It was the “bombshell” that mother Sally West didn’t see coming.
Her Year 12 son, Harrison, had gone back to school for his final term with all of his friends.
Three weeks in, he called her with some news.
“I think I want to go to university next year,” he said, not having mentioned the idea previously.
Though Ms West was happy her youngest son had decided what he wanted to do when he finished, there was one major red flag waving through her mind – where would they find the money.
“It was something that we hadn’t actually factored into,” Ms West admitted.
She and her husband run a 4046-hectare grain and cattle property, Southbend, near Arcadia Valley in the Central Highlands.
If Harrison was to study a Bachelor of Agribusiness, he would likely attend the University of new England at Armidale or the Emerald Agricultural College.
Either way, like many bush students wishing to pursue a tertiary education required him to leave home and live independently of his family.
Ms West is very concerned about how he’d “struggle” to balance study and demanding work commitments.
It was only the Monday before the ICPA conference she visited their accountant to discuss options.

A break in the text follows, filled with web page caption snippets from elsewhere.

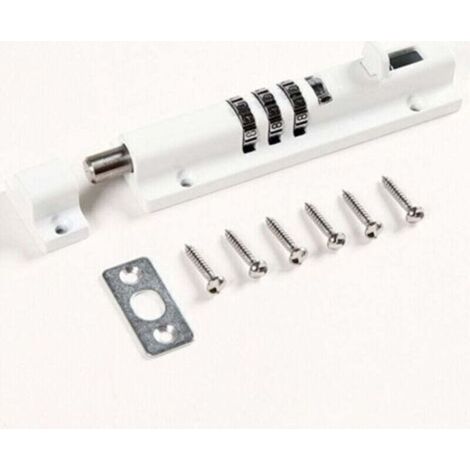 Gate Lock, Mechanical Combination Lock – No More Keys Required – Perfect for Gates, Sheds, Any Storage Area and Any Door (White) (1/4)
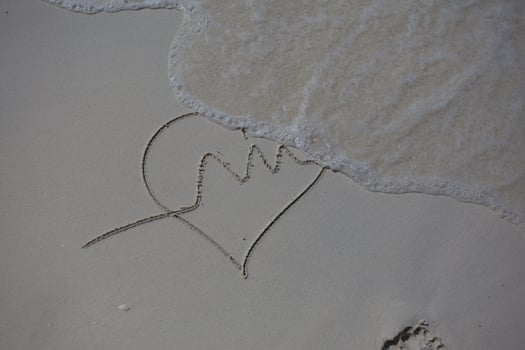 hearts drawn on the sand of a beach photo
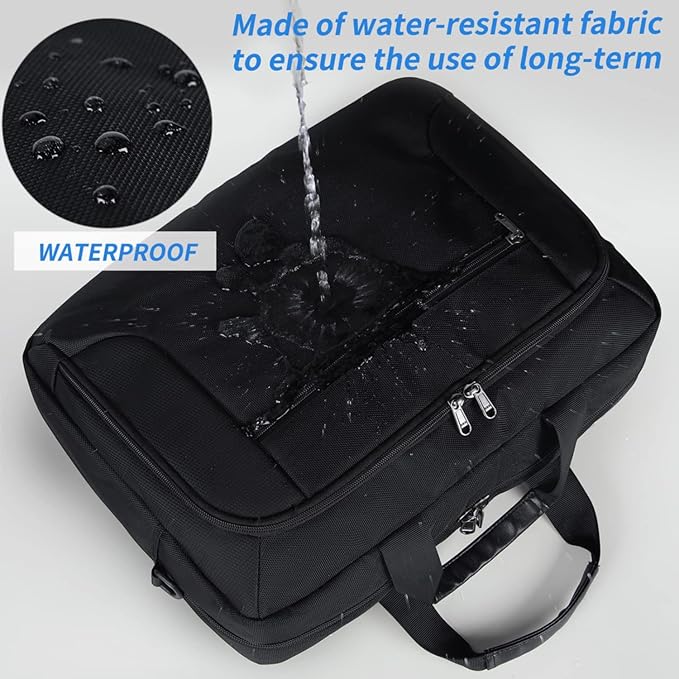 Laptop Bag 15.6 Inch Laptop Briefcase Computer Bag for Men Women Waterproof Business Office Work Large Laptop Case 15.6 Inch Adjustable Shoulder Messenger Bag Black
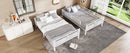 Metal Full XL over Full XL Bunk Bed for Teens and Adults,Space-Saving/Noise Reduced/No Box Spring Needed, White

“If your kids have made the choice to go to university you want them to be able to do the best they can. If they’ve got to be thinking about how they are going to pay for food and university fees and everything,” she said.
“And so you want to take as much stress away so they can get through university without having to worry about making ends meet.
“It just puts extra emphasis on what we have to do as parents while we’re dealing with commodities and drought and everything else. It places a lot of pressure on the family unit.”
Ms West is not alone.
She was one of a number of people who spoke up in support of a motion to back the “Federal Council’s efforts in lobbying the relevant federal ministers to recognise that all rural and remote students should be automatically eligible for the Tertiary Access Allowance.”
Federal ICPA president Wendy Hick, Camooweal, is hopeful a desired outcome is near.
She said the 2015/16 federal budget had some recommendations that will see the removal of the families asset test as well as the means test when children are applying for youth allowance.
“We’ve heard that that should actually be voted on soon in parliament and we’ve heard that there’s been no opposition to that so it looks like those changes might come through,” Ms Hick said.
If passed, she said it would be a “huge development for our rural and remote children because that actual assets and means test is one of the huge stumbling blocks our kids face when we talk about tertiary education; particularly in times of drought.”
“Families on the land tend to be assets rich, income poor,” she added.
So it’s a difficult thing for them because you can’t sell the tyre of the tractor to pay for their way through.”
If an individual is not eligible for youth allowance, they were also ruled out of a number of other scholarships and bursaries in many cases Ms Hick said.